Sekretaris Kabinet Teddy Indra Wijaya mengatakan agenda pembahasan juga mencakup kondisi energi nasional di tengah dinamika global. Menurut Teddy, pemerintah memastikan pasokan energi nasional masih berada dalam kondisi aman.
“Dalam pertemuan tersebut disampaikan bahwa pasokan BBM dan gas nasional dalam kondisi mencukupi,” ujar Teddy dalam keterangan resmi, Kamis (12/3/2026).
Teddy menambahkan, pemerintah akan terus memantau perkembangan harga energi global. Ia menyebut langkah mitigasi juga disiapkan agar dampak kenaikan harga energi terhadap Anggaran Pendapatan dan Belanja Negara (APBN) tetap terkendali.
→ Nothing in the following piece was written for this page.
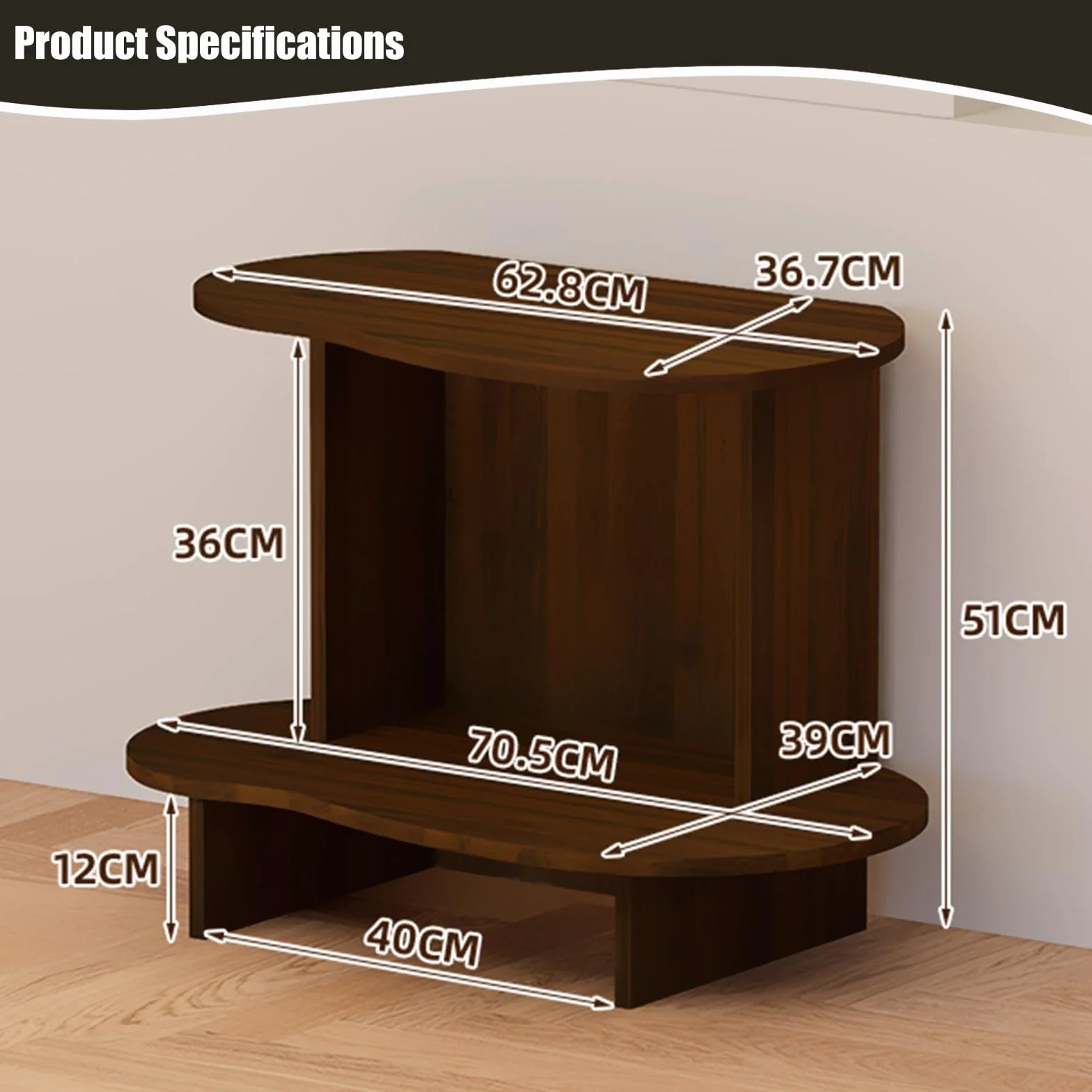 Soporte para Tocadiscos de 2 Niveles, Mesa para Discos de Vinilo para Discos, Muebles de Grabador, Estantería para Estudio, Dormitorio, Estilo Industrial(Negro)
Selain membahas situasi global dan energi, Prabowo menekankan pentingnya langkah strategis untuk memperkuat ketahanan ekonomi nasional. Presiden mendorong percepatan swasembada energi serta penguatan digitalisasi pemerintahan, termasuk melalui proyek percontohan digitalisasi penyaluran bantuan sosial untuk meningkatkan efisiensi belanja negara.
Di akhir pertemuan, Teddy menyampaikan Prabowo meminta jajaran pemerintah meningkatkan kewaspadaan terhadap dinamika global agar stabilitas ekonomi nasional tetap terjaga.